AVAILABLE DATA:
————

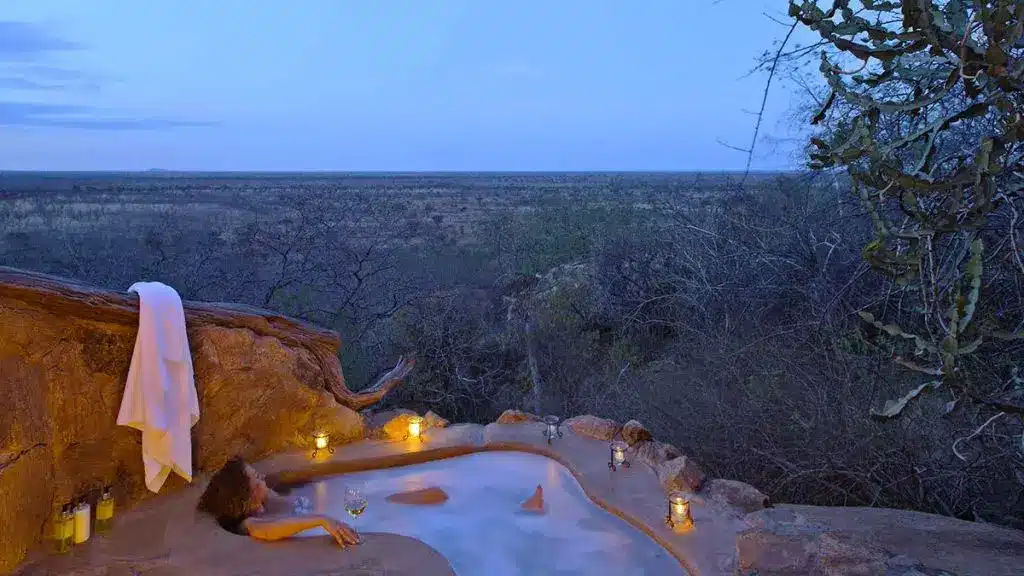 Elsa’s Kopje Camp Lodge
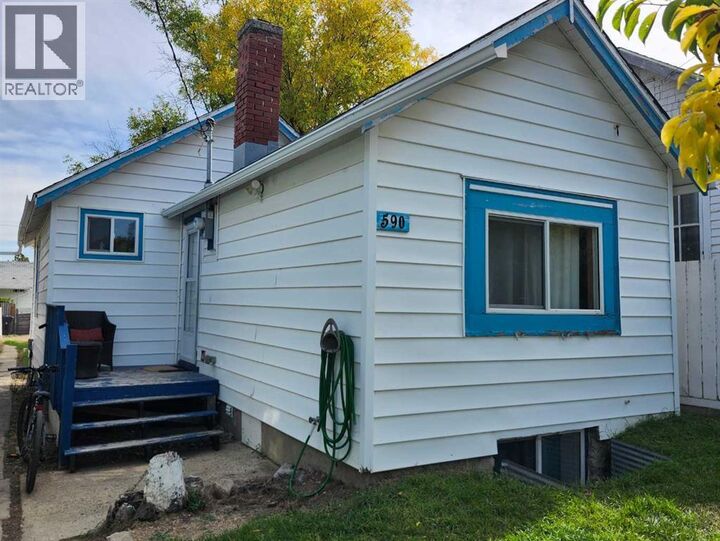 Property Photo: 590 2 Street Southwest AB T0J 0Y6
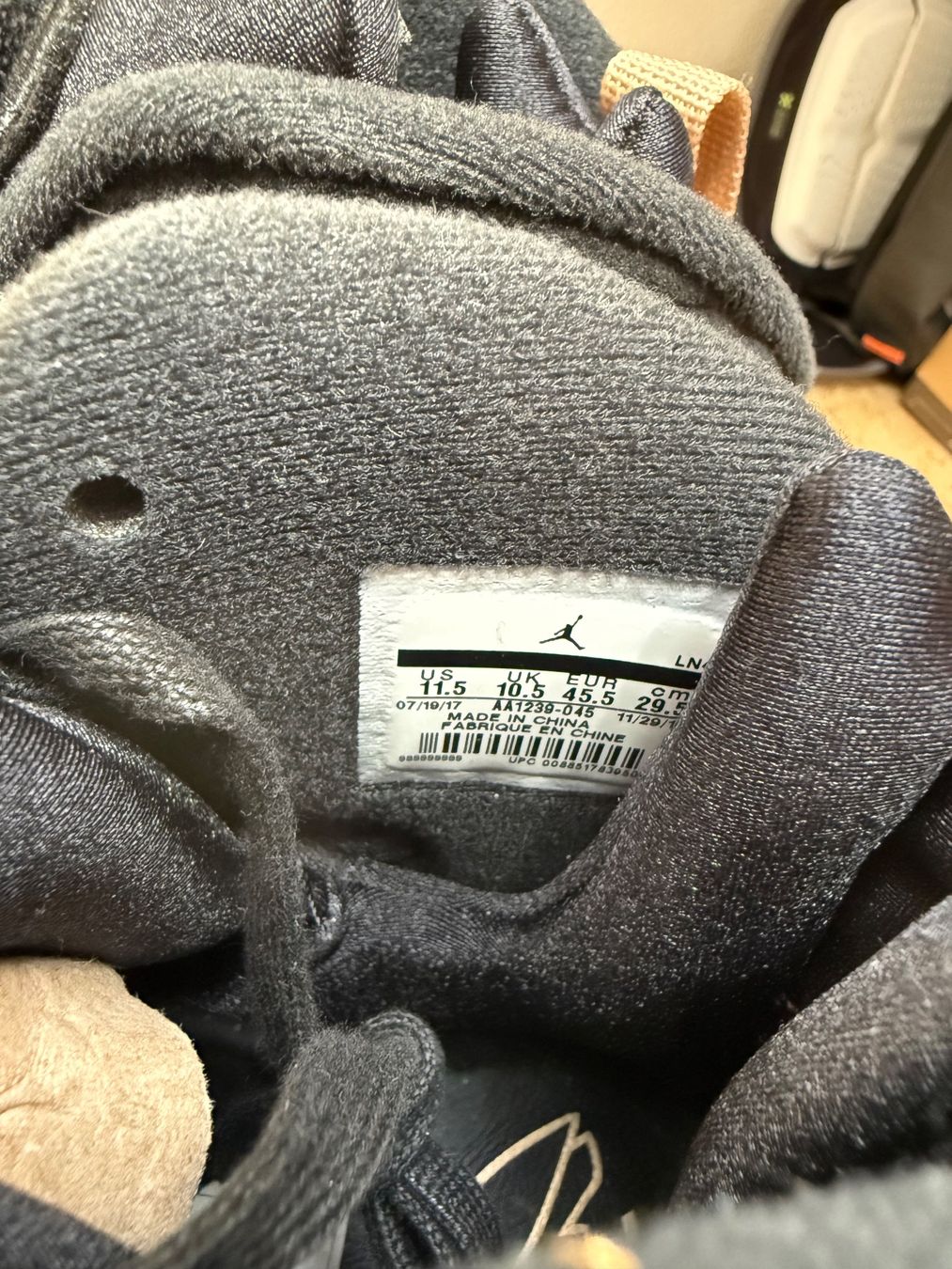 Jordan Scarpe da uomo: Jordan 8 Retro x Ovo "Sample" – Nuovo e nell'imballaggio originale da Worb venduto da le_castor 5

————

WHAT THE TASK ASKS: Only the pictures in the listing above get left out; print everything else exactly.

TASK ANSWER:
 Elsa’s Kopje Camp Lodge
 Property Photo: 590 2 Street Southwest AB T0J 0Y6
 Jordan Scarpe da uomo: Jordan 8 Retro x Ovo "Sample" – Nuovo e nell'imballaggio originale da Worb venduto da le_castor 5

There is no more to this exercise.